Task description
In the records below, find the line that contains "Seahorse Lodge, family" and the line that contains "Used 2025 Ford". Set down exactly those lines and every line between them, and nothing more.

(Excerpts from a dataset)
"""

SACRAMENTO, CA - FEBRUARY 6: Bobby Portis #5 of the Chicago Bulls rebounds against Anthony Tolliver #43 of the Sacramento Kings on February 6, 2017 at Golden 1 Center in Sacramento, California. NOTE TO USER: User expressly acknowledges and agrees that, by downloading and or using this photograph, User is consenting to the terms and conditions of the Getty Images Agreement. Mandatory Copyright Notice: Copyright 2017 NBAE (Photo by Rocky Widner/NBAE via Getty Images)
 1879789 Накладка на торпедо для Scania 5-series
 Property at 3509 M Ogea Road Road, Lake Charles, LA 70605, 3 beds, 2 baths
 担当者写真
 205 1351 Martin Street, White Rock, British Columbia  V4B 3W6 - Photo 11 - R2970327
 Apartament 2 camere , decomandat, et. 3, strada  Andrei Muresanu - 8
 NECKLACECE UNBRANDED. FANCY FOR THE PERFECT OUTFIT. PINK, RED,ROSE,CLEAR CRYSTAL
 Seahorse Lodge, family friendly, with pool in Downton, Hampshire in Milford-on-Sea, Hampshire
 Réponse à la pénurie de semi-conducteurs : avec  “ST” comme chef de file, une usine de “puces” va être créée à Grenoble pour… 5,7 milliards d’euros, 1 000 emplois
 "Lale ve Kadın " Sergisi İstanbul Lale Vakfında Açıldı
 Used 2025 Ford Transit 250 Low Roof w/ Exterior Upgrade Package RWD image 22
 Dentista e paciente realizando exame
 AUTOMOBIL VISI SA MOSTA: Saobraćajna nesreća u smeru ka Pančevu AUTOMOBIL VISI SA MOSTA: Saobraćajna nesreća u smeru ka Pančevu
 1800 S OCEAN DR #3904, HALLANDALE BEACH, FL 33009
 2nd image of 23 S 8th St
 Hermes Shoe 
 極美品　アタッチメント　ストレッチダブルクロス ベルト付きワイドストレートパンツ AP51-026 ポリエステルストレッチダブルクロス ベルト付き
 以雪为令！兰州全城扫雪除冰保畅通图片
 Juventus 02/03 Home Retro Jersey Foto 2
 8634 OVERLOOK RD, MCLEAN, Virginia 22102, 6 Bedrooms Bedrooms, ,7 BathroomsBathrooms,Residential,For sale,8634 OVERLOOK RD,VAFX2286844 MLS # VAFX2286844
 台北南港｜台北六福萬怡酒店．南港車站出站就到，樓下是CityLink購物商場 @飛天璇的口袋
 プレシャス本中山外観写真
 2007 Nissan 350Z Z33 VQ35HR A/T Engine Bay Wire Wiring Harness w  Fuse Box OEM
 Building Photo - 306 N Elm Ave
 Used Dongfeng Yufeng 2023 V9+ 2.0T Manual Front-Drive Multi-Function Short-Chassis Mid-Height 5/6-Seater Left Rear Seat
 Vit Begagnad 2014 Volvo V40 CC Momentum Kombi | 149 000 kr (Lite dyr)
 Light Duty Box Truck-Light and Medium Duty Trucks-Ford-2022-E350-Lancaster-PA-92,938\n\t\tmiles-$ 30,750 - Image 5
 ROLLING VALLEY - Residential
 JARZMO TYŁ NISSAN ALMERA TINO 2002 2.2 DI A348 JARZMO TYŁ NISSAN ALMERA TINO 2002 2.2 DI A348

"""

Problem solution
 Seahorse Lodge, family friendly, with pool in Downton, Hampshire in Milford-on-Sea, Hampshire
 Réponse à la pénurie de semi-conducteurs : avec  “ST” comme chef de file, une usine de “puces” va être créée à Grenoble pour… 5,7 milliards d’euros, 1 000 emplois
 "Lale ve Kadın " Sergisi İstanbul Lale Vakfında Açıldı
 Used 2025 Ford Transit 250 Low Roof w/ Exterior Upgrade Package RWD image 22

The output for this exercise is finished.